Perhaps it is not heretical to say that the digital humanities is more about bit rot and obsolete file formats than it is about “clean” data and perfect visualizations. As Matthew Kirschenbaum has observed in a recent NEH White Paper, DH maintenance and preservation practices are “localized and idiosyncratic,” much – as I would argue – hacker practice is. Furthermore, because digital humanities projects force scholars to care about mundane matters like maintaining servers and replacing routers, this peculiar breed of academic must also come to understand the instability and materiality of the archive not its permanence and abstraction. Even digital files in the “cloud” exist somewhere in time and space, and high-tech satellites or data barges are built and decay in systems of property and territory. As more digital humanities projects, such as the recent Digging into Data challenge, require international collaboration, the geopolitical, legal, logistical, and material risks are even greater.

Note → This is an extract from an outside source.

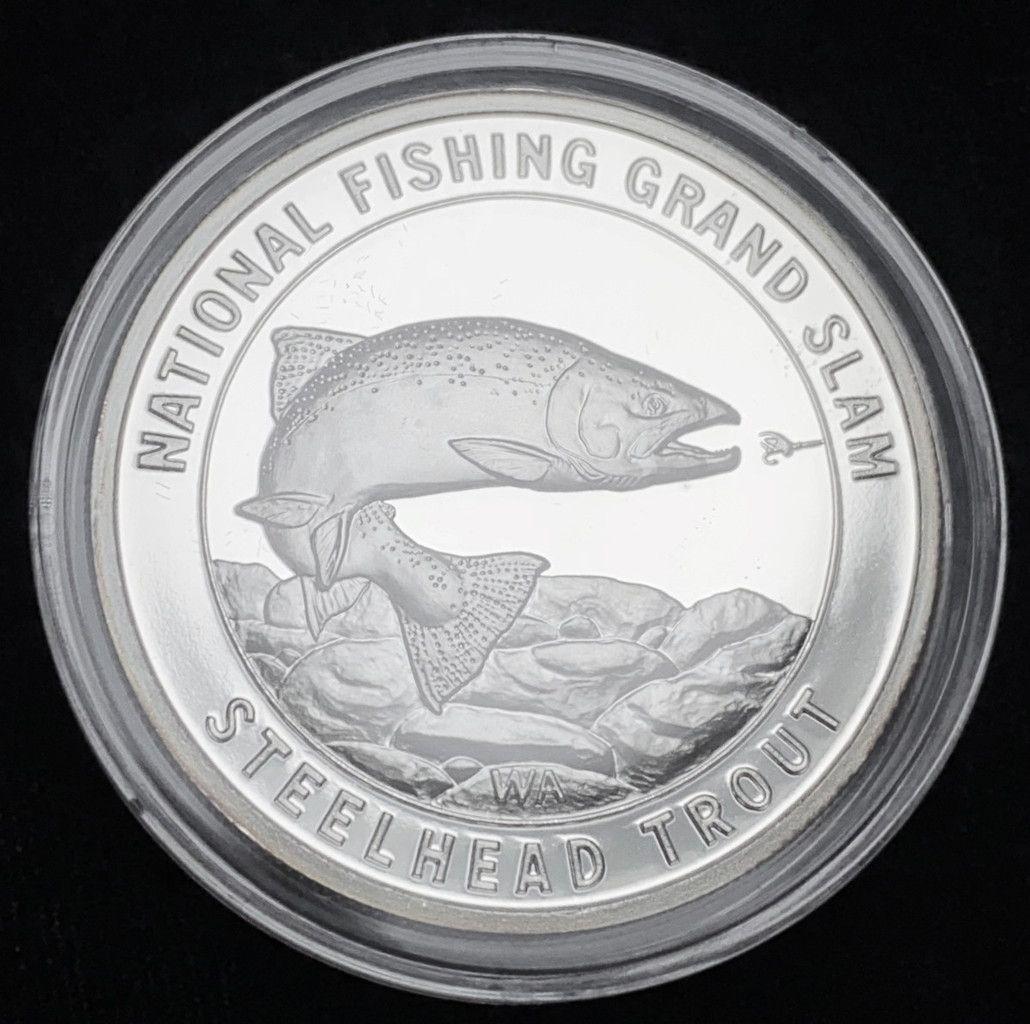 1 Oz Silver Steelhead Trout Proof 69 (1 of 6)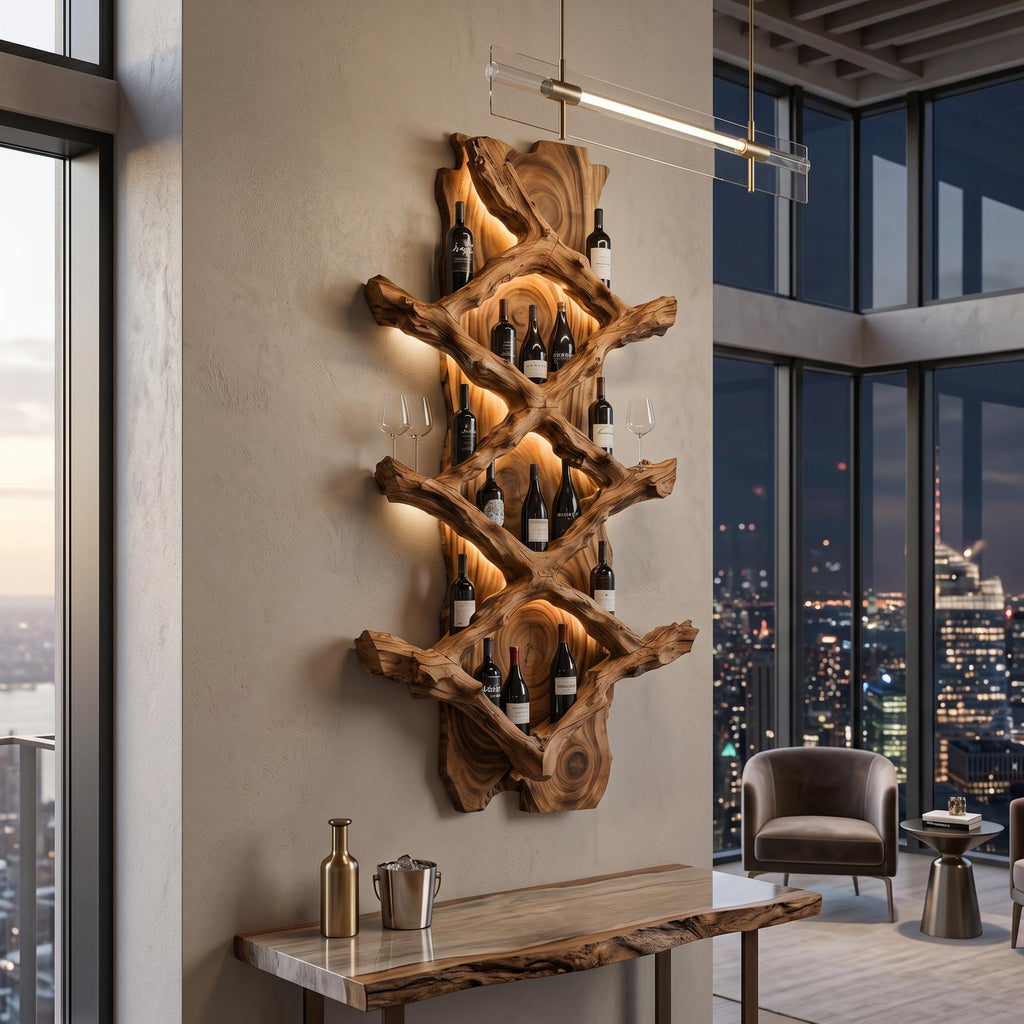 Rustic Wine Holder For Furniture Country Bar Vibe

In the end, both the hacktivist and the more mainstream digital humanist must be sensitive to the vulnerability and imperfection of digital knowledge systems to pursue their avocations on a day-to-day basis. As Galloway and Thacker argue “the exploit” lets us understand procedures and protocols. In considering the need for supporting a truly hacktivist digital humanities, perhaps we can imagine both new forms of activism and new publics for DH, and in thinking about the relationship between forms of symbolic representation that humanists care about and forms of political representation that activists care about, perhaps we all need to break some systems to understand how they should be built.